**TRY IT**
The stretch from the line with "Jay and Loren" through the line with "Important covered Chinese" in the records below: write it out exactly, and nothing else.

Caption-style text data:
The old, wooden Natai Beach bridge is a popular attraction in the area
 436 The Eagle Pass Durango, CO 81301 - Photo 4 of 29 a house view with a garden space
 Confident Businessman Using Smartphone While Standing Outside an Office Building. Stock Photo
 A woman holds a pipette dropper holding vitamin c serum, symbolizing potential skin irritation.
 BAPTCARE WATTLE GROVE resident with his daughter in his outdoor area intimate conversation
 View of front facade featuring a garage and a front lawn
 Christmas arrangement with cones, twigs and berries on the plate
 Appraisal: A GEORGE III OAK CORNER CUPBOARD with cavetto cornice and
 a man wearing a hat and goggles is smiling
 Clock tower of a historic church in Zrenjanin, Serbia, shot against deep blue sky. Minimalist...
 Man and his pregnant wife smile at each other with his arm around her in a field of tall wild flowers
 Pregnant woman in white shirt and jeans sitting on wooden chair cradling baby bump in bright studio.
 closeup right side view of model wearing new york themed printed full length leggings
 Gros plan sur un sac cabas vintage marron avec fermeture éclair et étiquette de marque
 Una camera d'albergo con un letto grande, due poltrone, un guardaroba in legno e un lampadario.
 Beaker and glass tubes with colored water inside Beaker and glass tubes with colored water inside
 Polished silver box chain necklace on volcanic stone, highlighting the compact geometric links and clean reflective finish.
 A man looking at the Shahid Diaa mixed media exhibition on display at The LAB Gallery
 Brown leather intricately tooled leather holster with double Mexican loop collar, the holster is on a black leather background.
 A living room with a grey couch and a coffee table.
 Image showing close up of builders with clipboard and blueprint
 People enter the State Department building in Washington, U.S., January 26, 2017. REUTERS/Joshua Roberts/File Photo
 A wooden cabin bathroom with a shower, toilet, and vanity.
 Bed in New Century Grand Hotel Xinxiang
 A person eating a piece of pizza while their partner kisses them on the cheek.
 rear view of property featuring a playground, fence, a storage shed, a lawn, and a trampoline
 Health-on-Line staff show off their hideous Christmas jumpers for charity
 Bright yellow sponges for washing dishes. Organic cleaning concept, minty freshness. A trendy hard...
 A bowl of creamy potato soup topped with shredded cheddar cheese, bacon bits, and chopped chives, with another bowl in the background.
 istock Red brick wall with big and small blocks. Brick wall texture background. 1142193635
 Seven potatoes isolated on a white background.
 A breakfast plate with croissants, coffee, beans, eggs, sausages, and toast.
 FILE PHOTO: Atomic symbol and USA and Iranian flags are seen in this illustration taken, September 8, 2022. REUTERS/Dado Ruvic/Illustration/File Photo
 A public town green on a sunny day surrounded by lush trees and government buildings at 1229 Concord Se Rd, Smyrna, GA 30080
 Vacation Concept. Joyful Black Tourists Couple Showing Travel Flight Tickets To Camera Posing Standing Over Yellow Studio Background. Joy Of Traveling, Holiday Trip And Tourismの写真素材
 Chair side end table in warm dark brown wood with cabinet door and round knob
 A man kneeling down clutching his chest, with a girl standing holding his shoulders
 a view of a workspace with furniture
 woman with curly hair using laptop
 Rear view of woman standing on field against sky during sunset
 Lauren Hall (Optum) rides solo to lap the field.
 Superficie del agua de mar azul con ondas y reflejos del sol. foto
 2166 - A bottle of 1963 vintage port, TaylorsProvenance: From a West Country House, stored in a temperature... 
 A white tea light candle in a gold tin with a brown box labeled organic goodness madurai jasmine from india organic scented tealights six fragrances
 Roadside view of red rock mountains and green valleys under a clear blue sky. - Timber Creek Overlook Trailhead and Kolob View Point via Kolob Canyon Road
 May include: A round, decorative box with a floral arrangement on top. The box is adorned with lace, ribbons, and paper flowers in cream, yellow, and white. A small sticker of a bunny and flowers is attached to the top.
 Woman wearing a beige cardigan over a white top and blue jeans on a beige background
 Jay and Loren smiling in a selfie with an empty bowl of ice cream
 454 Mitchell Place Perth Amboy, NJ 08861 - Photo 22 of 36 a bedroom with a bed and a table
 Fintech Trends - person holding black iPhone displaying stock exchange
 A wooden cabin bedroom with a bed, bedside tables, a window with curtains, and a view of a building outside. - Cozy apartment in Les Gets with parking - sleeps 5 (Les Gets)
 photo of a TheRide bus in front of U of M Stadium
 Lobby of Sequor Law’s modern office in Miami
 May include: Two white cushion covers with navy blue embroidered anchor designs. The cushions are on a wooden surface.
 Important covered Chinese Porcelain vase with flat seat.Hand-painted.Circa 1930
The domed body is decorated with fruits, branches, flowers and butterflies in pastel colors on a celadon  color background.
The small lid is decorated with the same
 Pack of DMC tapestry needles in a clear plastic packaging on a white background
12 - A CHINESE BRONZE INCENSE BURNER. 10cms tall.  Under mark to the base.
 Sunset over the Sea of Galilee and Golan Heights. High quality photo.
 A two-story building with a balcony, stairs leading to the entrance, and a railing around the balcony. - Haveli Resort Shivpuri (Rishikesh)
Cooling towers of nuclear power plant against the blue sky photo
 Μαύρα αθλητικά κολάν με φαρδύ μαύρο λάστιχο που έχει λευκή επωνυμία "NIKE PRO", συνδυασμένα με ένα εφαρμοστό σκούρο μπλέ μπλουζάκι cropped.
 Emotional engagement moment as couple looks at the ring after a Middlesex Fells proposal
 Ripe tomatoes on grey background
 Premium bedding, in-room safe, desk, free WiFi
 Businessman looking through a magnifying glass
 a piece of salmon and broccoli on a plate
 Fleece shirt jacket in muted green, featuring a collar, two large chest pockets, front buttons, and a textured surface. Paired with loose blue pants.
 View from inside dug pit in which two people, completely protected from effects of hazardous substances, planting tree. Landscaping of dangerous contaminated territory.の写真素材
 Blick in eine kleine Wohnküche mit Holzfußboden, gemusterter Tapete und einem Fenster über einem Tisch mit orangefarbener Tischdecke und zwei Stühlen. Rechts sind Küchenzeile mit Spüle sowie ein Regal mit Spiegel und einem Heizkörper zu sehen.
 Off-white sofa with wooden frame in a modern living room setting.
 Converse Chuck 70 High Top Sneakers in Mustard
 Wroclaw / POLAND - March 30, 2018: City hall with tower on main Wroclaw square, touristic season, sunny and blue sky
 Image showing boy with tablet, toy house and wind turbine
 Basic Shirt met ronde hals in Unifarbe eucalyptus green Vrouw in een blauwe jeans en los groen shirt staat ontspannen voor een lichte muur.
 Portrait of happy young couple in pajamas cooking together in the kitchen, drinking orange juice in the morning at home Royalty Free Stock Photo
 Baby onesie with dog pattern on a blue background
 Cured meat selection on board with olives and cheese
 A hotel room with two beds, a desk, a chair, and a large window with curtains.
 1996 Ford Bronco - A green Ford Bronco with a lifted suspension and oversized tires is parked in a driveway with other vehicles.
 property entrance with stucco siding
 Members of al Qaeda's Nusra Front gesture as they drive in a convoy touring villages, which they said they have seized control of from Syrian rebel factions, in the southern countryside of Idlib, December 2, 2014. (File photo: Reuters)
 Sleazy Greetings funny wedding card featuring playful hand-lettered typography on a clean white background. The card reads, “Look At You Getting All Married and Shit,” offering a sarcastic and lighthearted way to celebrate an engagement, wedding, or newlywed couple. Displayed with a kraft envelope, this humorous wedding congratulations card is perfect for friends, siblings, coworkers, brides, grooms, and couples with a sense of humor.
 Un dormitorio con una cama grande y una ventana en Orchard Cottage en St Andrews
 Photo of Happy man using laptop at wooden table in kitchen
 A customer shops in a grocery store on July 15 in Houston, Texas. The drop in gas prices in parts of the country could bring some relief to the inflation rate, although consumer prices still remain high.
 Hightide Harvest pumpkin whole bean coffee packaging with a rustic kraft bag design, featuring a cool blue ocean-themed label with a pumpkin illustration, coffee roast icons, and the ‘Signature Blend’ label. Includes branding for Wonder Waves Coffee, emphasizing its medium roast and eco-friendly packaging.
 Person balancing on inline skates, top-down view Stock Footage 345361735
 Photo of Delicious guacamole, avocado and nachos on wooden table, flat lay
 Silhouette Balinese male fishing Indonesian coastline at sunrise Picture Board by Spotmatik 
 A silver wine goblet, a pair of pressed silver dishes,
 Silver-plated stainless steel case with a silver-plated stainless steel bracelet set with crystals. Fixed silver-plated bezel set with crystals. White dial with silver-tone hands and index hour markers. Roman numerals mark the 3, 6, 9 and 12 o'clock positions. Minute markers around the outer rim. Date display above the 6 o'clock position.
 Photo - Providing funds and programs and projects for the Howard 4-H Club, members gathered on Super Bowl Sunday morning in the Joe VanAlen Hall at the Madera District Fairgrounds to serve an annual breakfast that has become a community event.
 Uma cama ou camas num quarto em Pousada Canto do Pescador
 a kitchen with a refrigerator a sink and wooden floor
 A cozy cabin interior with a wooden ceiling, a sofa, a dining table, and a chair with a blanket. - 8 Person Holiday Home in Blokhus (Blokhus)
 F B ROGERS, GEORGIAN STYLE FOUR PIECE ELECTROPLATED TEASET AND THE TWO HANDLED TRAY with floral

**ANSWER TO THIS EXERCISE**
 Jay and Loren smiling in a selfie with an empty bowl of ice cream
 454 Mitchell Place Perth Amboy, NJ 08861 - Photo 22 of 36 a bedroom with a bed and a table
 Fintech Trends - person holding black iPhone displaying stock exchange
 A wooden cabin bedroom with a bed, bedside tables, a window with curtains, and a view of a building outside. - Cozy apartment in Les Gets with parking - sleeps 5 (Les Gets)
 photo of a TheRide bus in front of U of M Stadium
 Lobby of Sequor Law’s modern office in Miami
 May include: Two white cushion covers with navy blue embroidered anchor designs. The cushions are on a wooden surface.
 Important covered Chinese Porcelain vase with flat seat.Hand-painted.Circa 1930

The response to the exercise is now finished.